I agree with the turning it down when stopped at an intersection. I hate having some :dumbass: pull up with the stereo blaring so loud that I have to yell to talk to my passenger. You start to get damage to you ear at 115dbs, but vitamin E (that or A) is used by the body to repair that damage.


----------



## xbrandonx (Mar 27, 2004)

Sethticlees said:


> Hey, for $15 I'd say just pay it and be done. It's not like its gunna affect your insurance or something. It’s a small price to pay, could have been a lot more $$$.


I'll have to pay the 100+ court costs as well, so if it was just 15 and be done, I'd be happy.


----------



## Matt93SE (Sep 17, 2003)

xbrandonx said:


> I know I've looked, 125 is a nice bit to fork out though, I'm saving up for it. But as I said, header and exhaust come first...brakes should but they are 2nd, then sound deadner.




Hmmmm.. you can't pay $125 because you have to buy headers and exhaust first? How much was that ticket you just got?

You have things in the wrong order mang. dynamat first, THEN headers and exhaust. otherwise you're going to be forking out $115 every time you drive by a cop with the stereo on.












> You start to get damage to you ear at 115dbs, but vitamin E (that or A) is used by the body to repair that damage.


WRONG!!! Hearing damage is irrepairable! You can go for short times with loud noises and get away with it before permanent damage ocurs. read the OSHA guidelines on noise levels in the workplace for more information on it... but once the damage is done, it's done. I have lots of friends who are racers, work in construction near an air nailer, etc etc etc that all have permanent tinnitus (ringing in the ears) because of being around loud noises all day.
It will NEVER go away, and you can NEVER get that hearing back.
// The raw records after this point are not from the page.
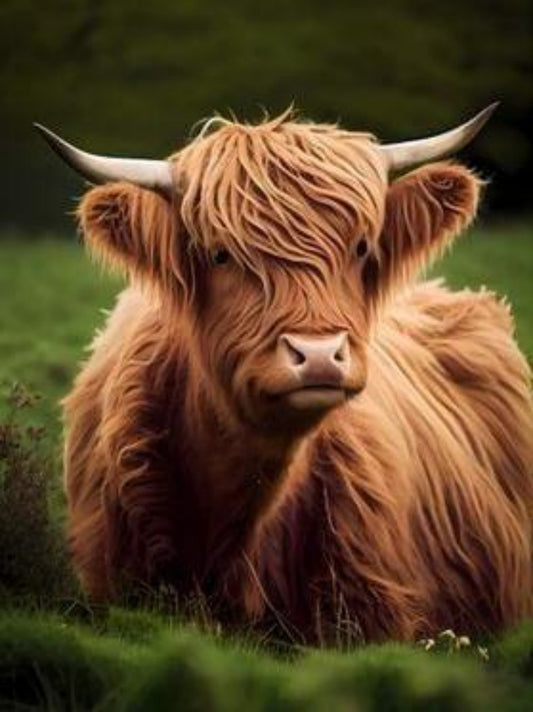 Highland Cow | Diamond Painting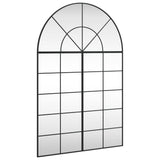 Wall Mirror Black Glass, Iron 150 x 100 cm Minimalistic 3200614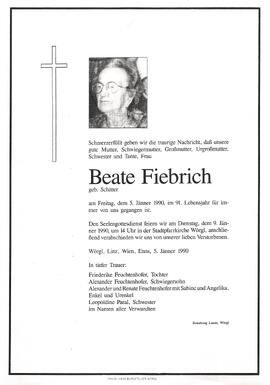Fiebrich Beate geb. Schitter G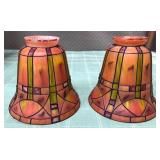 513 - LOT OF STAINED GLASS LAMP SHADES (M117)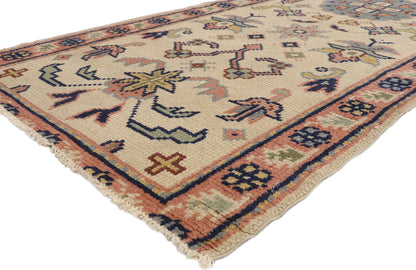 4 x 11 Vintage Turkish Oushak Rug 71674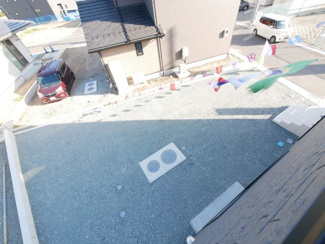 【展望】 | バルコニーから駐車場を望む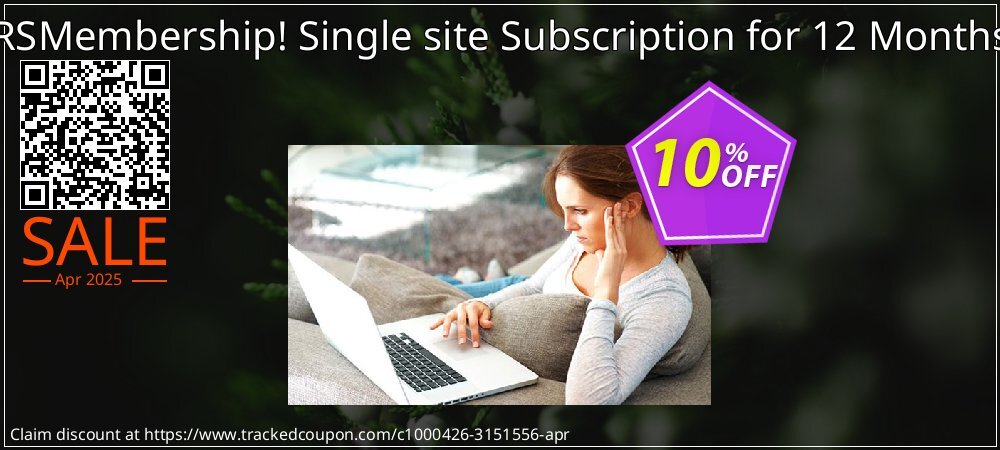 RSMembership! Single site Subscription for 12 Months coupon on National Loyalty Day super sale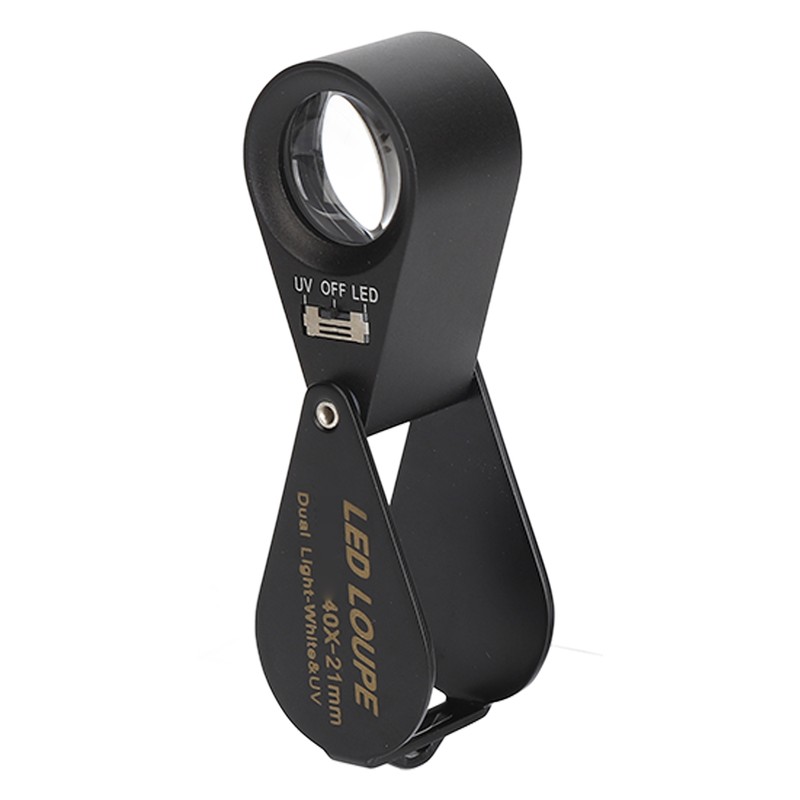 Jewelry Magnifier 40X 21mm Lens Foldable Magnifying Eye Loupe with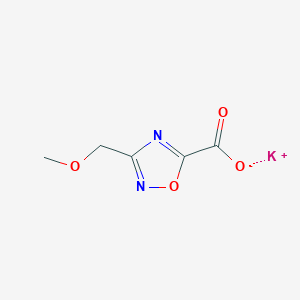 molecular formula C5H5KN2O4 B2937100 Potassium;3-(methoxymethyl)-1,2,4-oxadiazole-5-carboxylate CAS No. 2230803-18-4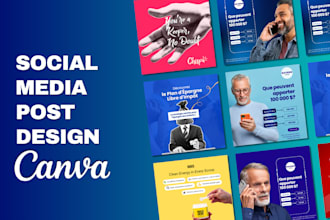 design custom canva templates for social media posts and ads design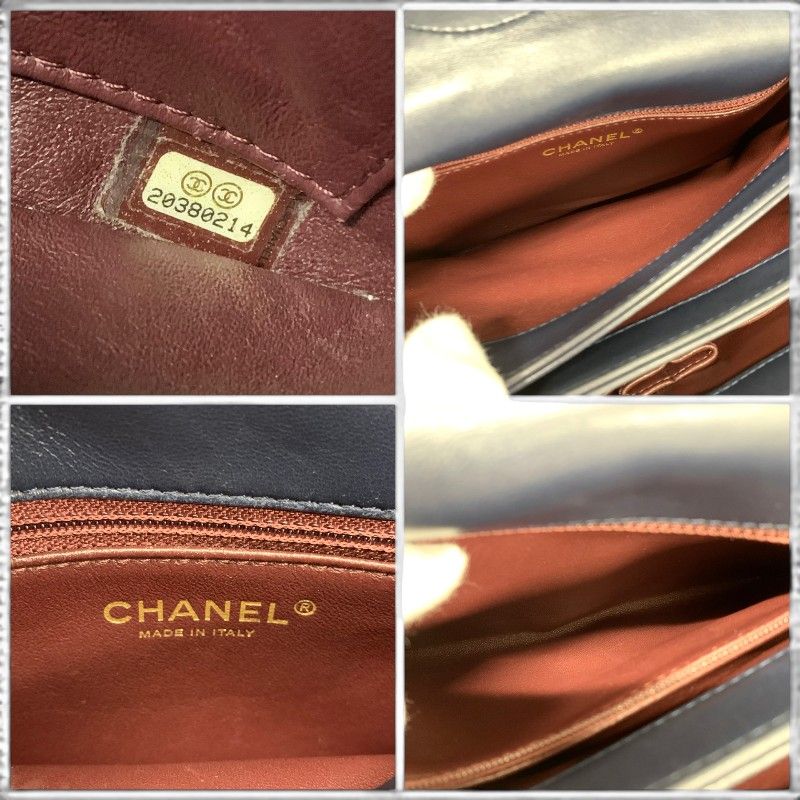 Chanel Trendy CC Shoulder Bag Navy Gold CC Logo Turnlock Chain 2-Way — view 8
Your body doesn't regenerate like a tapeworm. just be smart and turn it down.


----------



## xbrandonx (Mar 27, 2004)

Matt93SE said:


> Hmmmm.. you can't pay $125 because you have to buy headers and exhaust first? How much was that ticket you just got?
> 
> You have things in the wrong order mang. dynamat first, THEN headers and exhaust. otherwise you're going to be forking out $115 every time you drive by a cop with the stereo on.
> 
> ...



I already have the header, I got it used and cheap so I bought it. The exhaust was on a GB, so I couldn't pass it up, so I had to save up to get it. Back to zero. I'll just turn it down for the moment, and before I get to a stop, not after. I may drop down to just 1 12 instead of 2 until then as well.


----------



## Hendrix (Jan 17, 2004)

Matt93SE said:


> WRONG!!! Hearing damage is irrepairable! You can go for short times with loud noises and get away with it before permanent damage ocurs. read the OSHA guidelines on noise levels in the workplace for more information on it... but once the damage is done, it's done. I have lots of friends who are racers, work in construction near an air nailer, etc etc etc that all have permanent tinnitus (ringing in the ears) because of being around loud noises all day.
> It will NEVER go away, and you can NEVER get that hearing back.
> 
> Your body doesn't regenerate like a tapeworm. just be smart and turn it down.


Short term exposure to loud noises (up to 120db) is repairable by the body. And the body does know how to regenerate/heal itself.


----------



## Matt93SE (Sep 17, 2003)

slow_sentra322 said:


> Short term exposure to loud noises (up to 120db) is repairable by the body. And the body does know how to regenerate/heal itself.



VERY short term, yes. cruising around all night friday and sat night with the stereo cranked is considered long-term.

OSHA mandates a maximum of 15 min per day exposure at 115dB. At that point, 20% of subjects tested have significant hearing loss over their lifetime. 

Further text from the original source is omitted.